Monsieur Le Vigoureux, la LOLF reste très spécifique à la France : elle ne traite que du budget de l'État et donc seulement d'un tiers de nos finances publiques, ce qui nous conduit à avoir une vision très parcellaire. Notre objectif final est de réussir à obtenir une consolidation toutes administrations publiques de nos finances. Nos finances se caractérisent par une forte fragmentation et une certaine illisibilité ; notre rapport vise à les rendre plus cohérentes. Si le PIA 3 est un exemple parmi d'autres de la complexité de nos finances publiques, il faut aussi souligner nos forces, telles que la richesse et la qualité de notre documentation budgétaire. Nous devons aussi nous interroger sur la question de la pluriannualité qui est étroitement liée à celle de notre lien avec l'Europe. Deux alternatives s'offrent à nous : conserver la loi de programmation des finances publiques qui devient rapidement obsolète ou introduire de la pluriannualité en loi de finances, avec un projet de loi de finances qui resterait annuel mais qui contiendrait une information pluriannuelle, sur une période de deux ans, sur la trajectoire des crédits. Cette deuxième option, si elle était retenue, nous rapprocherait de la pratique d'autres pays.

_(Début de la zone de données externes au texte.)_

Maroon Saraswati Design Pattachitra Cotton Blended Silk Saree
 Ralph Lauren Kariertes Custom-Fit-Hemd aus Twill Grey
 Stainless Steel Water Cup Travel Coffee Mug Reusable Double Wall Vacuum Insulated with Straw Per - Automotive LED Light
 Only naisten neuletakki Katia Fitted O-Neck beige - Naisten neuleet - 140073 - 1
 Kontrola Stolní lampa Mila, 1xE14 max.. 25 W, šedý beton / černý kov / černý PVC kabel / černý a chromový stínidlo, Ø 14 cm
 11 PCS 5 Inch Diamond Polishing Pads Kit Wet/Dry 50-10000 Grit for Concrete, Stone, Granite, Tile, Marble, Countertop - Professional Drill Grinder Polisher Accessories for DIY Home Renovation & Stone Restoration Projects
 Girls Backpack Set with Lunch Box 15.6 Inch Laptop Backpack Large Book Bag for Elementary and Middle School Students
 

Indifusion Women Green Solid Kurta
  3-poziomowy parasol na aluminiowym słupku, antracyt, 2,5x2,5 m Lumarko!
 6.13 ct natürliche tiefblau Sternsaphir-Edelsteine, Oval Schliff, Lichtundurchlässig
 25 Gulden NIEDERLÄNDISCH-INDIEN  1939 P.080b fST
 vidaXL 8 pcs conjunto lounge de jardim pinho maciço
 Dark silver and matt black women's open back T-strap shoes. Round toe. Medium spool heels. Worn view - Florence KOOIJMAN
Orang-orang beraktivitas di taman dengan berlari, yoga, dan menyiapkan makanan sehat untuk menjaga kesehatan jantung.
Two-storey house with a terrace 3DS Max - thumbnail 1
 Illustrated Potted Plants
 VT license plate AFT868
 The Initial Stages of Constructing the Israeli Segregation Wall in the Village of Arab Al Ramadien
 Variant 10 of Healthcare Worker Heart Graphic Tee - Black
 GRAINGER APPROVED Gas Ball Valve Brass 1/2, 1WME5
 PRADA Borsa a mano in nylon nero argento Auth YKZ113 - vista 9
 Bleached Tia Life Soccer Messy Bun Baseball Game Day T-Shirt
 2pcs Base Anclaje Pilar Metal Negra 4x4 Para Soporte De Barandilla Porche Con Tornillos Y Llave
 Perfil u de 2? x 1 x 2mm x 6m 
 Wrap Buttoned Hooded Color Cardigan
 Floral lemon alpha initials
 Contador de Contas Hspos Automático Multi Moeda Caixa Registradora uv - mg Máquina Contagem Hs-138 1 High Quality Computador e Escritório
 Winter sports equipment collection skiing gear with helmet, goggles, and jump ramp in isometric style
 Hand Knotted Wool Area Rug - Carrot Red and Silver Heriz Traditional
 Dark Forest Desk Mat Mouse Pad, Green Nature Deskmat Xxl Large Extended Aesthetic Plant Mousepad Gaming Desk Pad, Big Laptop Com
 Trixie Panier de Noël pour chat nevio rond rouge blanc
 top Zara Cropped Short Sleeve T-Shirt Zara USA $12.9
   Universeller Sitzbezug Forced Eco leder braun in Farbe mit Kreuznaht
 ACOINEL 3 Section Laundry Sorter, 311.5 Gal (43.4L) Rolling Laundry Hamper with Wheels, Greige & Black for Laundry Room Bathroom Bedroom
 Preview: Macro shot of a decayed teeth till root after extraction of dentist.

Monsieur Jean-René Cazeneuve, vous avez bien compris qu'en matière de prélèvements sur recettes, l'enjeu consiste à fournir une meilleure information, qui soit davantage lisible et méthodique. Nous ne préconisons pas la suppression des PSR mais nous demandons qu'une réflexion soit menée sur ce sujet et elle devra être prise en compte dans les prochains rapports produits par la MILOLF. Les prélèvements sur recettes sont, comme vous l'avez fait remarquer, un détournement de l'article 40 de la Constitution. Nous pouvons nous en féliciter en tant que parlementaires, mais nous pouvons également considérer de manière objective que cela soulève un problème. Si l'article 40 existe, ce n'est probablement pas en vue d'ouvrir, par le biais des prélèvements sur recettes, une possibilité d'augmenter des dépenses par amendement. Ce débat devra donc avoir lieu mais il n'est pas suffisamment avancé aujourd'hui, d'autant que nous souhaitons d'abord réformer la fiscalité locale.

La question de Monsieur François Jolivet relève de la comptabilité, un sujet dont nous n'avons pas traité dans ce rapport. La consolidation toutes administrations publiques est un problème qui se pose depuis longtemps, car la fragmentation budgétaire et comptable est aussi une des causes de l'illisibilité. Nous avons tenté de proposer des solutions face au morcellement qui existe au sein du budget de l'État, mais il ne faut pas oublier que la fragmentation concerne toutes les administrations publiques.